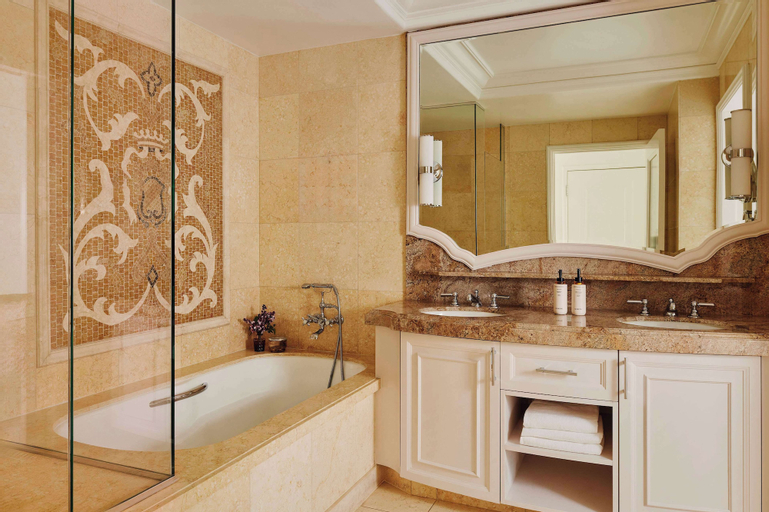 Bathroom 4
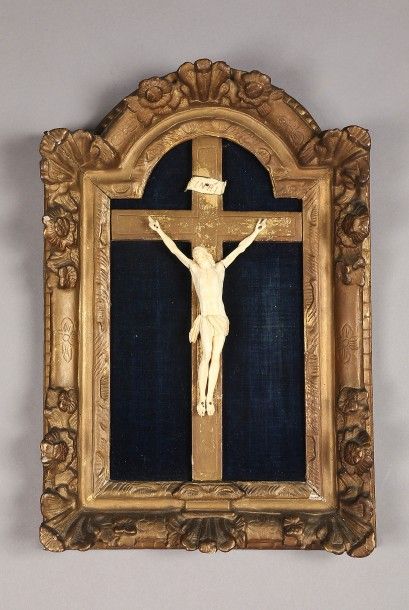 Christ en croix, dans un cadre.
Un bras ...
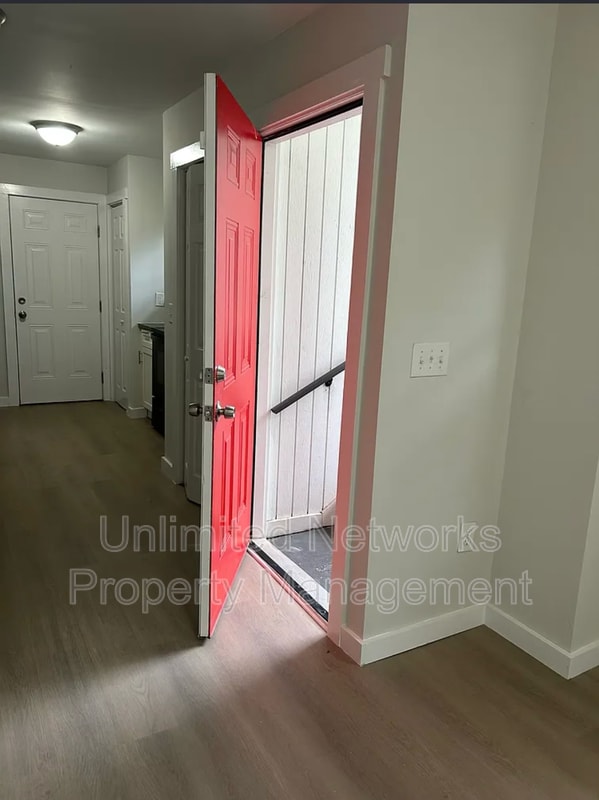 Photo - 1305 Clermont Ave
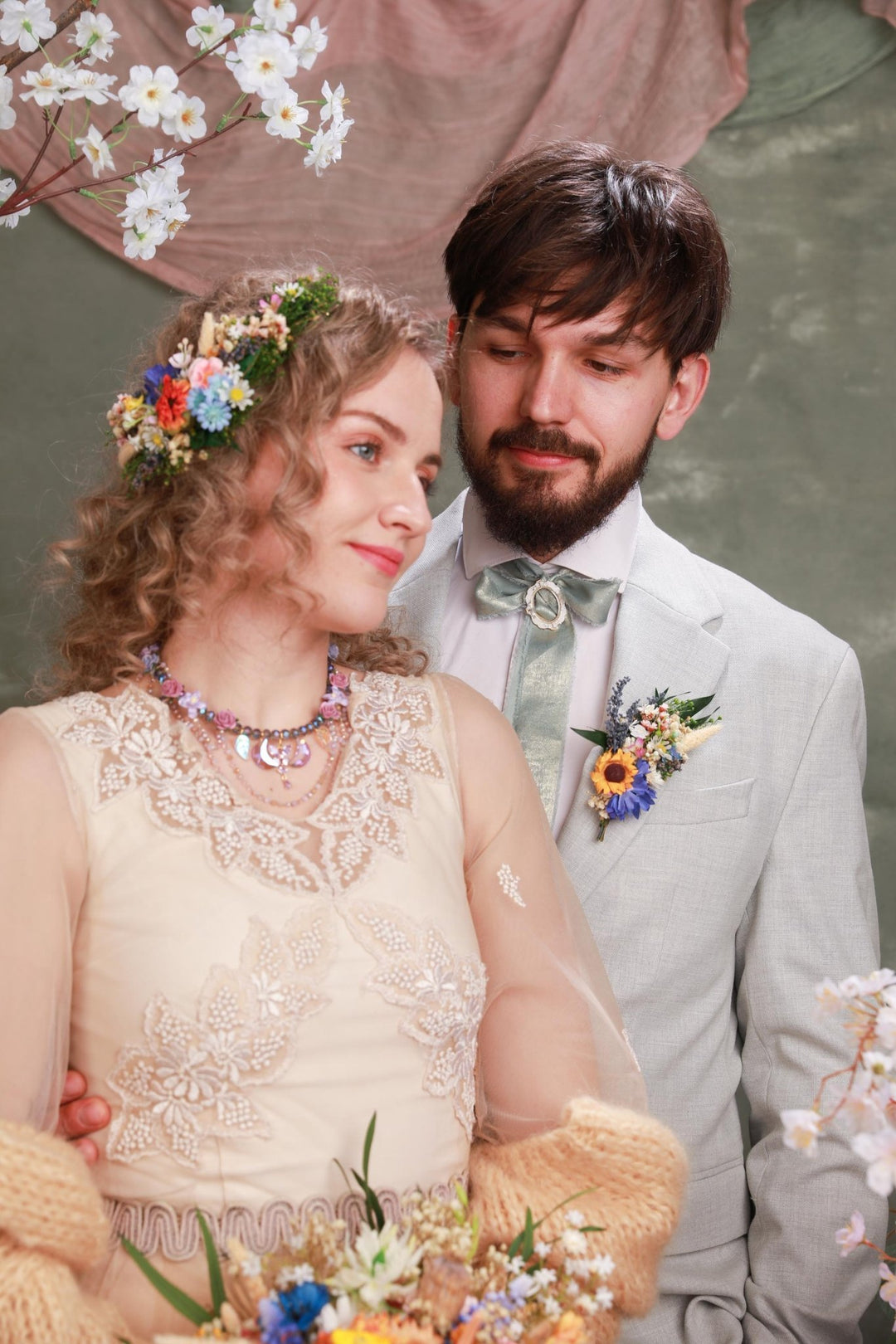 Wildflower Groom Boutonniere – Sunflower & Cornflower Vintage Wedding Flower – handmade floral hair accessory by magaela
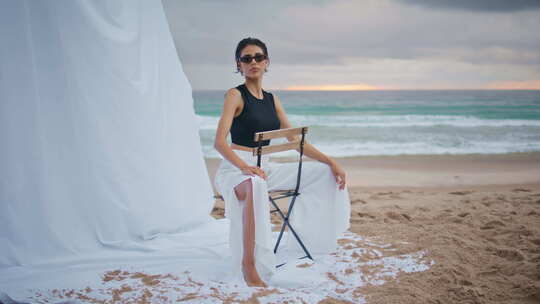 魅力女孩在海岸专业模特拍摄太阳镜摆姿势海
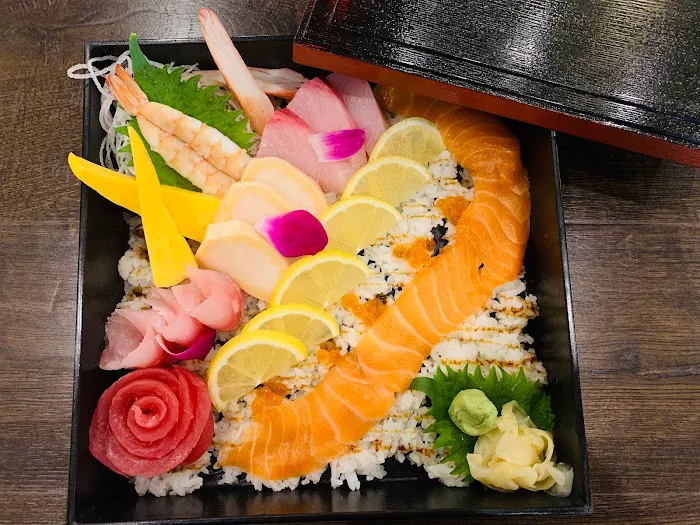 Dan Zai Ramen & Sushi House Picture 2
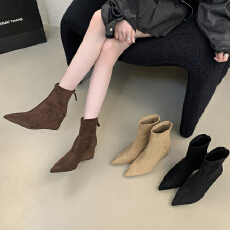 高级感绒面棕色系尖头坡跟短靴后拉链瘦瘦靴显瘦秋冬女短靴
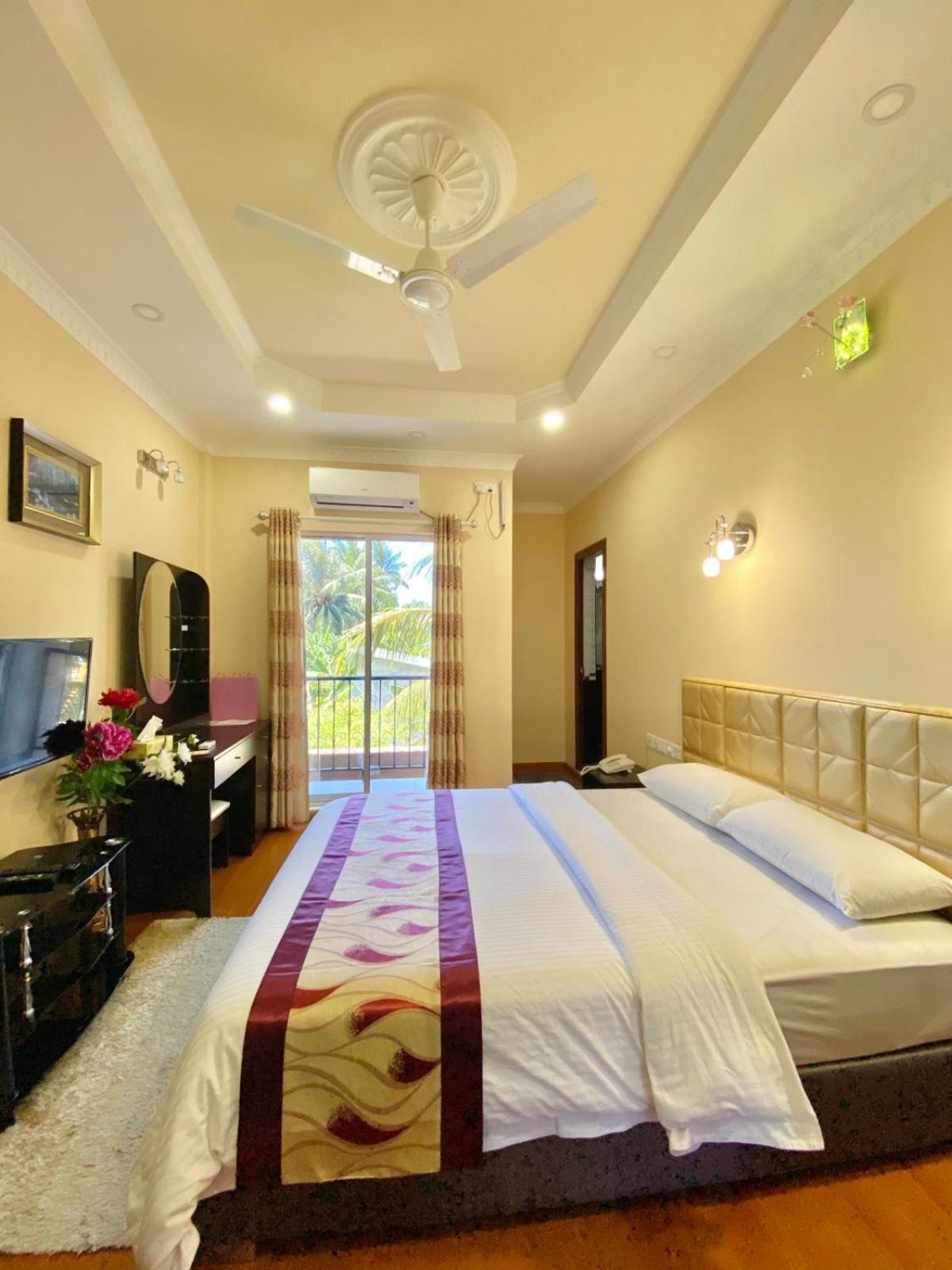 Abuharee Grand Hotel Addu City Luaran gambar
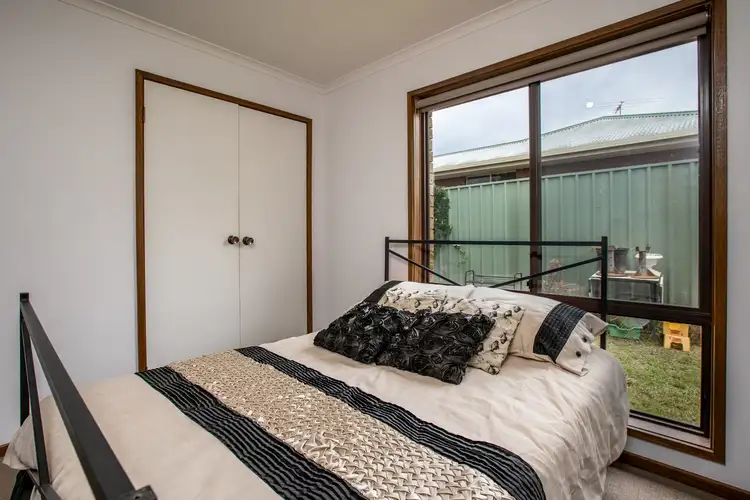 Sixth view of Homely unit listing, 2/21 Emerald Avenue, Wodonga VIC 3690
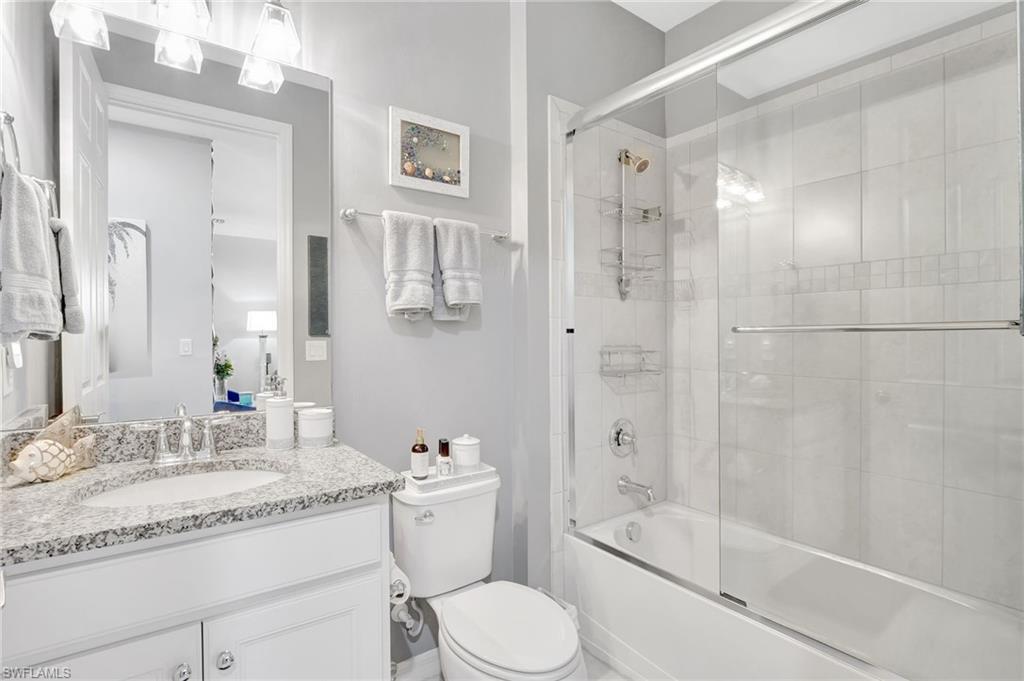 10908 Clarendon St Property Photo 24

--------

◆ WORK TO COMPLETE: Copy the records exactly, leaving out every picture.

◆ SOLUTION TO THIS TASK:
 Bathroom 4
 Christ en croix, dans un cadre.
Un bras ...
 Photo - 1305 Clermont Ave
 Wildflower Groom Boutonniere – Sunflower & Cornflower Vintage Wedding Flower – handmade floral hair accessory by magaela
 魅力女孩在海岸专业模特拍摄太阳镜摆姿势海
 Dan Zai Ramen & Sushi House Picture 2
 高级感绒面棕色系尖头坡跟短靴后拉链瘦瘦靴显瘦秋冬女短靴
 Abuharee Grand Hotel Addu City Luaran gambar
 Sixth view of Homely unit listing, 2/21 Emerald Avenue, Wodonga VIC 3690
 10908 Clarendon St Property Photo 24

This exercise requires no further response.